=== Work instructions ===
With all images omitted, write out the records word for word.

Data items
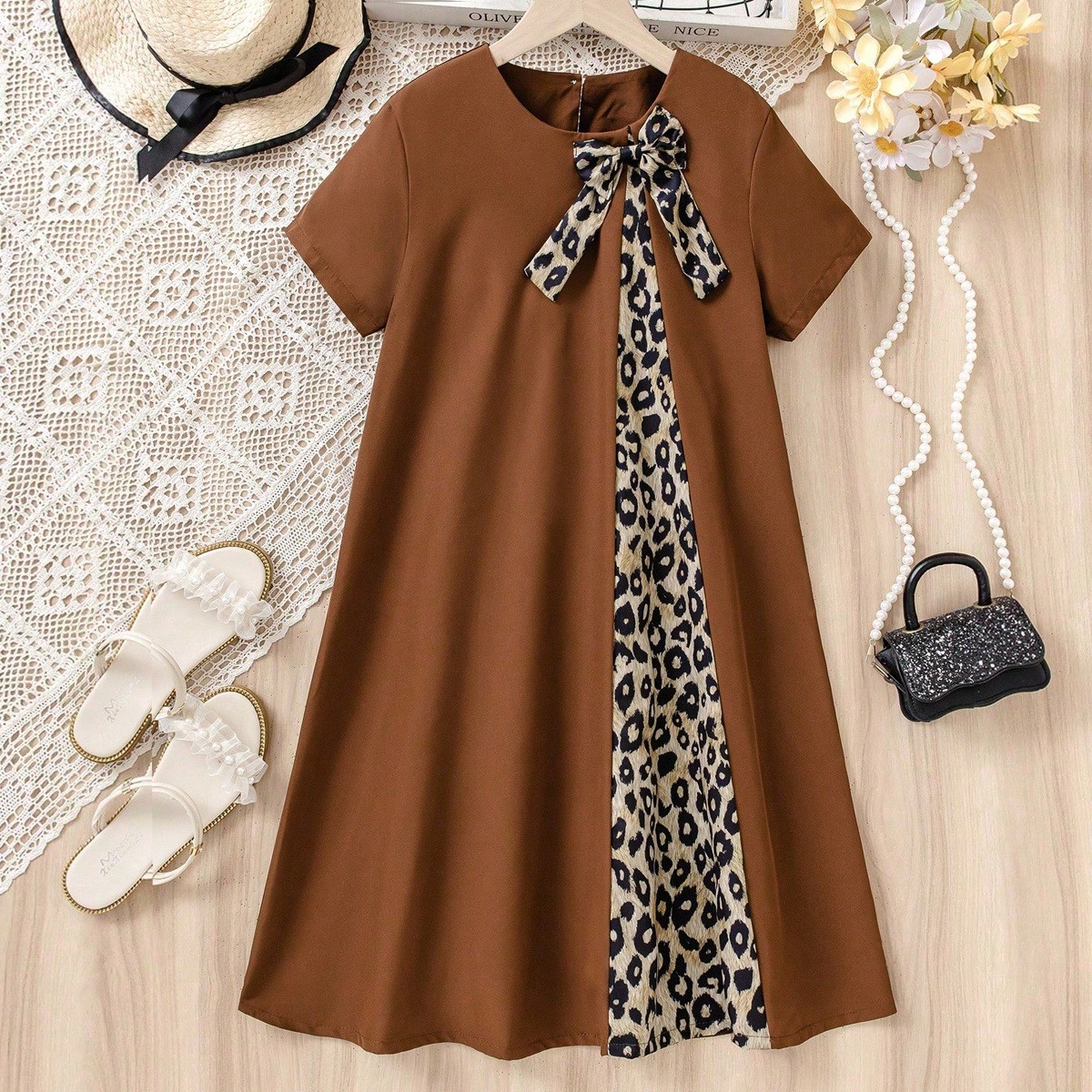Vestido largo, cómodo y casual para niñas con cuello redondo, manga corta, decoración de lazo y estampado de parche de leopardo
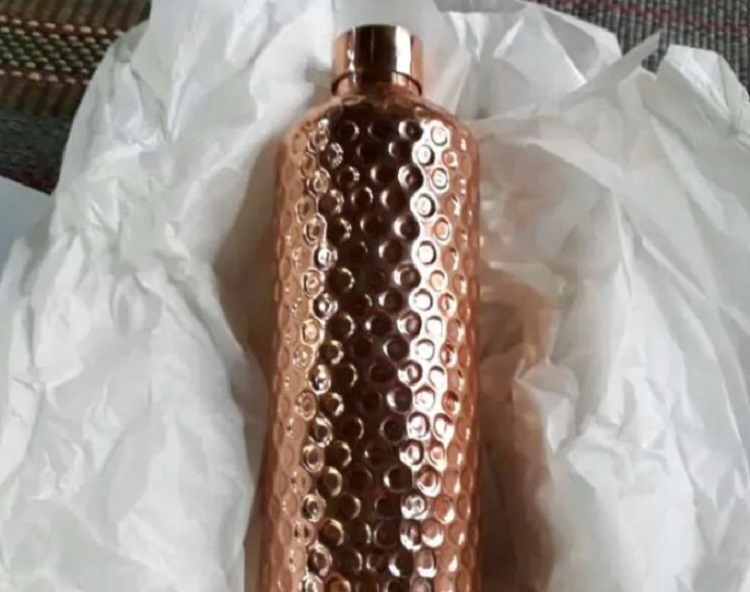 Botol minum berbahan tembaga. SP/ SBY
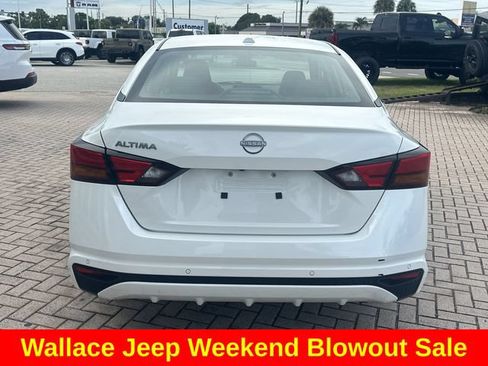 Used 2025 Nissan Altima 2.5 SV FWD image 8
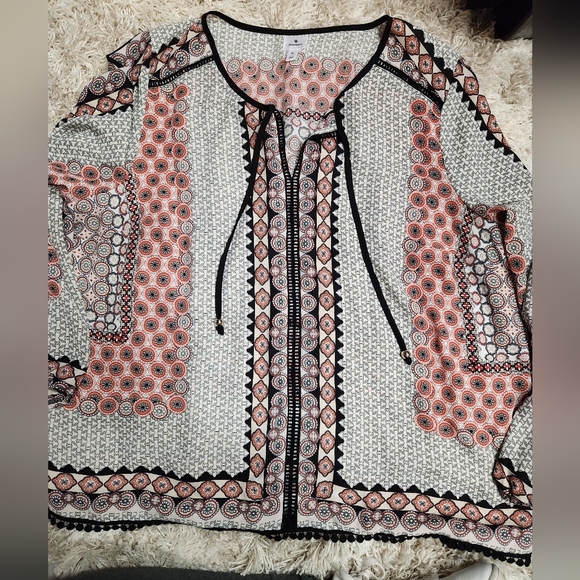 Geometric Patterned Blouse - Picture 1 of 11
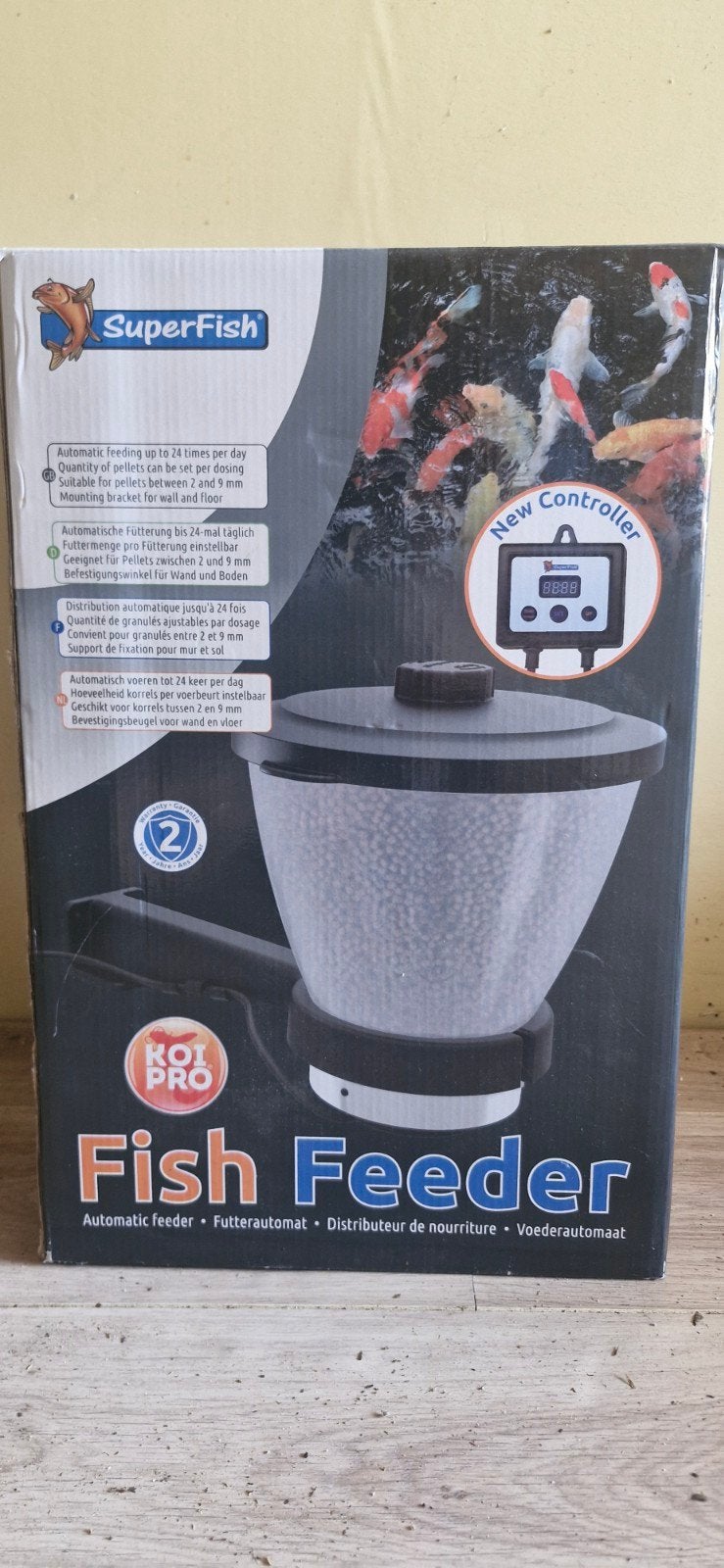 fish feeder, Karper of Koi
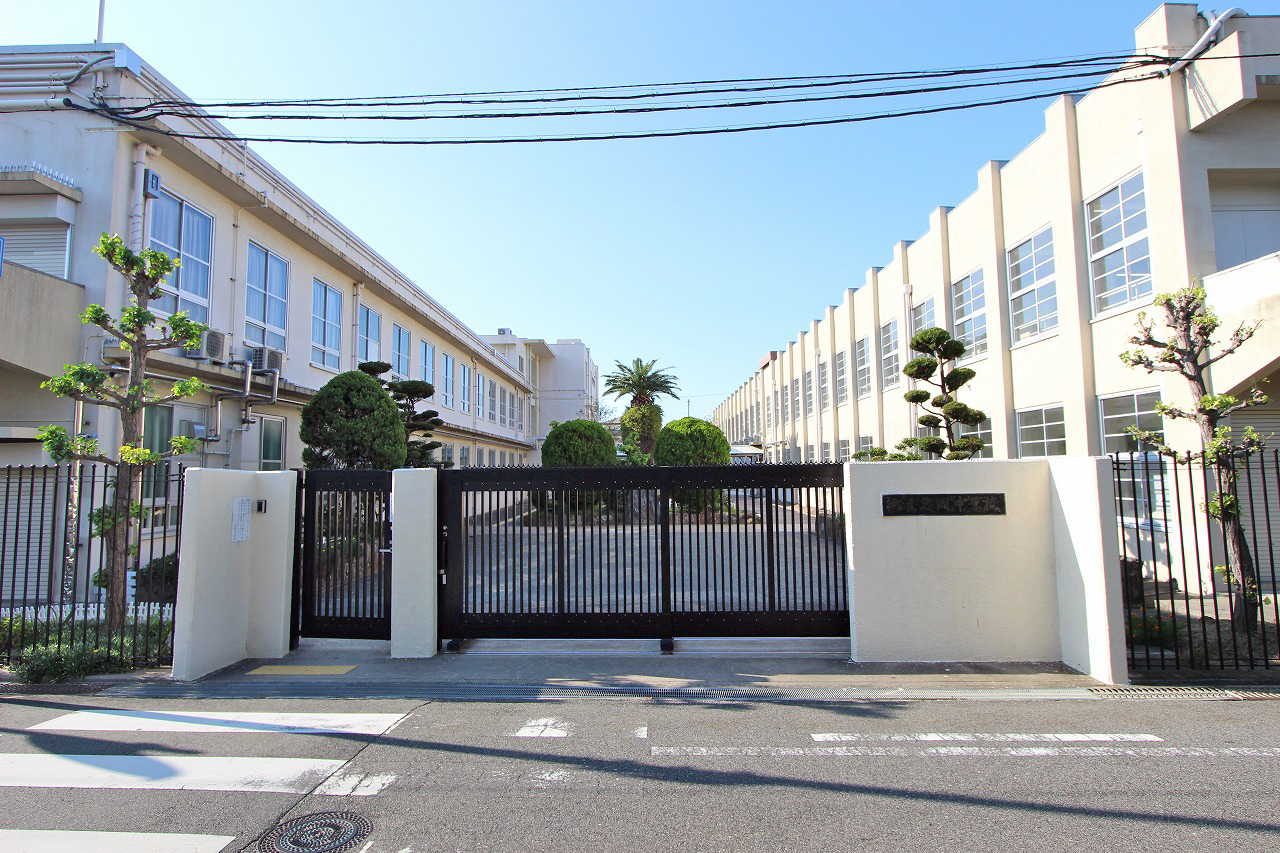 忠岡中学校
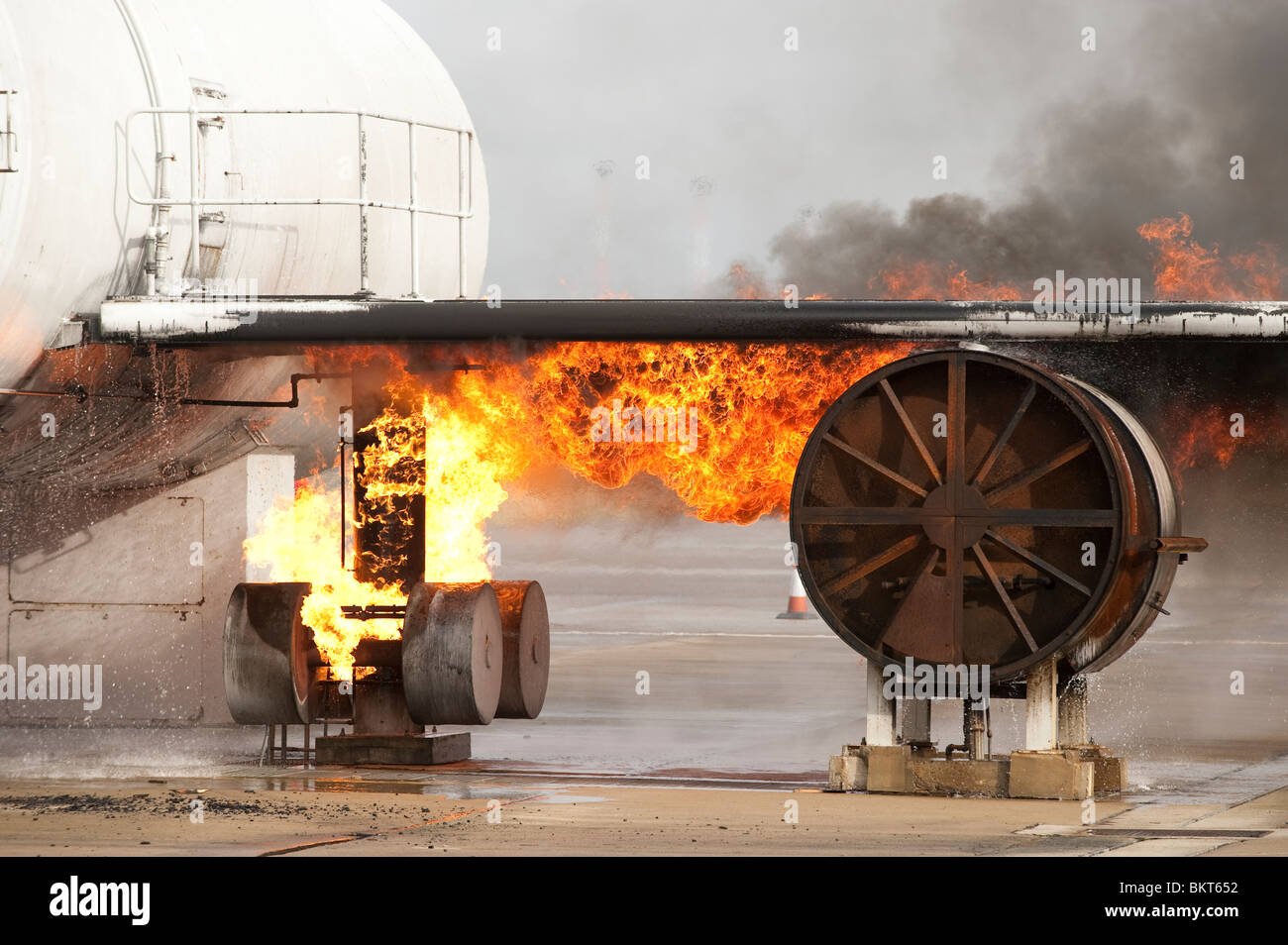Flugzeugmotor auf Feuer-simulation Stockfoto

=== Solution below ===
Vestido largo, cómodo y casual para niñas con cuello redondo, manga corta, decoración de lazo y estampado de parche de leopardo
 Botol minum berbahan tembaga. SP/ SBY
 Used 2025 Nissan Altima 2.5 SV FWD image 8
 Geometric Patterned Blouse - Picture 1 of 11
 fish feeder, Karper of Koi
 忠岡中学校
Flugzeugmotor auf Feuer-simulation Stockfoto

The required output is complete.